This is a graphic I used for a poster two years ago with the addition of the words Customer Experience and User Experience.
What I’m communicating here are the three lenses through we we can see in order to create a new product, service or experience and bring it to market (innovation). I was trying to better understand the difference between the way that user-centered designers or UXers study people and how Marketers study people. There are clear differences but it goes well beyond just the quant/qual gap and so I tried to articulate those here, based not only on my own experience but also on a study I conducted in 2009 about how people understand innovation.
As I’ve began, in the last year to study customer experience I’ve been impressed by how very complementary UX & CX is. Then I read this very interesting article on Johnny Holland by Greg Laugero about CX & UX and it got me thinking more about this distinction. I’ve been writing my dissertation so, I haven’t devoted much time towards it right now, but I still wanted to get this out there.

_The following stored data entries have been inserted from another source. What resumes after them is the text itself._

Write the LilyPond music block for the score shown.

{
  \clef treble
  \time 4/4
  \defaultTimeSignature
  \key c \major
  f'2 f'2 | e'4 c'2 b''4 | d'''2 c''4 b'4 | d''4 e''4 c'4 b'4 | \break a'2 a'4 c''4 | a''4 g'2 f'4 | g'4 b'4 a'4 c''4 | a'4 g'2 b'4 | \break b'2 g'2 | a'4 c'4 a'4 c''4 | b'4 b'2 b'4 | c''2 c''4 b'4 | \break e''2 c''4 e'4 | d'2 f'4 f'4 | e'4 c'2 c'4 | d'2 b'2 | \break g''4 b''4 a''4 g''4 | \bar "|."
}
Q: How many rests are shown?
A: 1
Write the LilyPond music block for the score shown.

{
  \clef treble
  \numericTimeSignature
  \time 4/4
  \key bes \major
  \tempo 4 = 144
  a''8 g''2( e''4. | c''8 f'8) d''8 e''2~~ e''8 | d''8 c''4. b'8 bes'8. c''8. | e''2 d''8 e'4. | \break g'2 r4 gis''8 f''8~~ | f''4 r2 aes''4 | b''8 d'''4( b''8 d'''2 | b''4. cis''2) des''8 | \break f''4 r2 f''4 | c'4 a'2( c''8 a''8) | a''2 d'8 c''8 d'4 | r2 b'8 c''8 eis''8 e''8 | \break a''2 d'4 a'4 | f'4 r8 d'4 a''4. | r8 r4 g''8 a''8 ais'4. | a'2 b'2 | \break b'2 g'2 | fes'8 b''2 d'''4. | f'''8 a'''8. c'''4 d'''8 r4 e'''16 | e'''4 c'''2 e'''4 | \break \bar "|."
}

If we think about UX & CX in terms of the experience itself, not all the methods and history kind of stuff, UX is about the usage of the product itself, and you can include the set-up and maintenance of that product. It’s between the users and the product. The CX though focuses on the the interactions that person has with the company and the product. While both CX and UX approach branding, it tends to be in distinctly different ways. UX branding focuses on what elements in the product/UI/experience can be designed to be in harmony with the brand. Of course some people who do that will also advise companies on creating the brand itself, but very often it’s about giving that brand life in the making of an experience. CX tends to be less about the making of the brand experience, but defining it and then bringing it about via advertising. So while there is making, it’s about the making of the brand experience as it relates to impressions, advertisements, and the brand as it stands by itself, somewhat independent from the products themselves.
I don’t believe that the main message of this graphic is anything new, but it puts it all together in one place, and allows us to think about it in a different way. In particular I think this relates to the work of Tim Brown and design thinking (from his book Change by design, see a short bit on that from the post where I borrowed this image).
So what’s next you ask? Well I’ll talk more about how important the customer experience is as it relates to product and technical support which or course is directly related to how those interfacing with people treat them. So it can’t just be marketing/CX or Design/UX that is in concerned with people’s experiences, but it has to be of concern with the entire company, every employee.